*Source data*.

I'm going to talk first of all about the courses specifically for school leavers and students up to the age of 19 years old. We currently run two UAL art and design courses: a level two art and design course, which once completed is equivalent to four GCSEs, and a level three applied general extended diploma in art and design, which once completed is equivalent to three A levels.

...

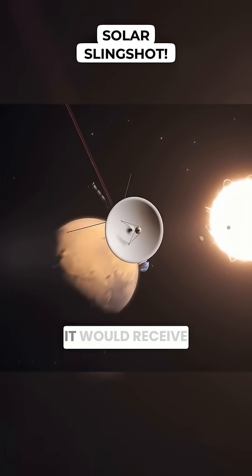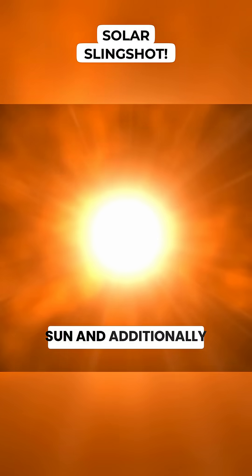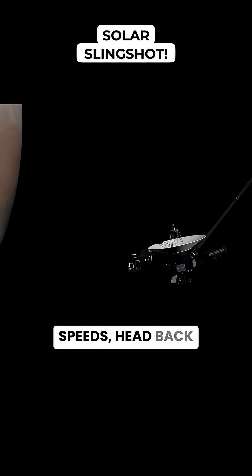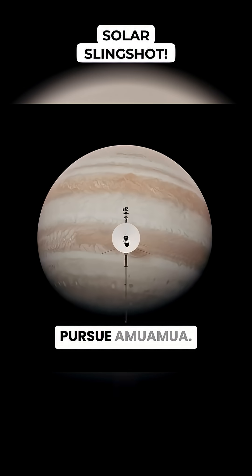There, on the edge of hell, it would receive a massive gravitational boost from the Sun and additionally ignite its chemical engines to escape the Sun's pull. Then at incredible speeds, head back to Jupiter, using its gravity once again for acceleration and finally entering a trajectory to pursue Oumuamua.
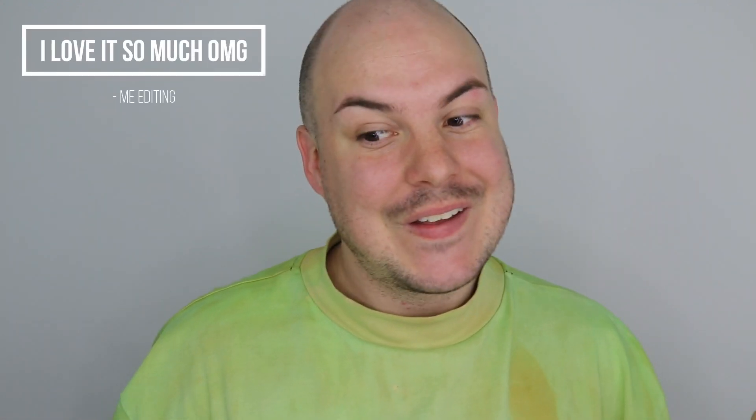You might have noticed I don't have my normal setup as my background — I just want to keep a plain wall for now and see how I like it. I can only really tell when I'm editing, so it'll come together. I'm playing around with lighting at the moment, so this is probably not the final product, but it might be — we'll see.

==

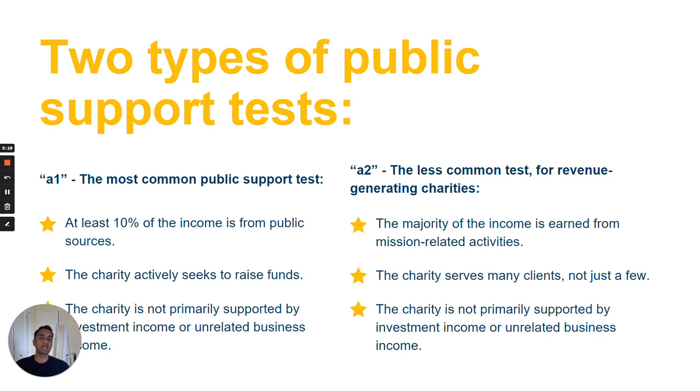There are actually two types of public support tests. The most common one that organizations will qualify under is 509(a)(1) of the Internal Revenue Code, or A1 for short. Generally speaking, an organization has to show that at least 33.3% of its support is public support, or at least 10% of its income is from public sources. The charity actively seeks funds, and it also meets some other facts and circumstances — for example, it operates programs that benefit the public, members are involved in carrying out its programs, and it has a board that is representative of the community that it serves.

*Assigned task*.
What is needed is an exact copy of only the lines above from the one with "There, on the" to the one with "You might have", both kept, with every picture left out.

*Expected answer*.
There, on the edge of hell, it would receive a massive gravitational boost from the Sun and additionally ignite its chemical engines to escape the Sun's pull. Then at incredible speeds, head back to Jupiter, using its gravity once again for acceleration and finally entering a trajectory to pursue Oumuamua.
You might have noticed I don't have my normal setup as my background — I just want to keep a plain wall for now and see how I like it. I can only really tell when I'm editing, so it'll come together. I'm playing around with lighting at the moment, so this is probably not the final product, but it might be — we'll see.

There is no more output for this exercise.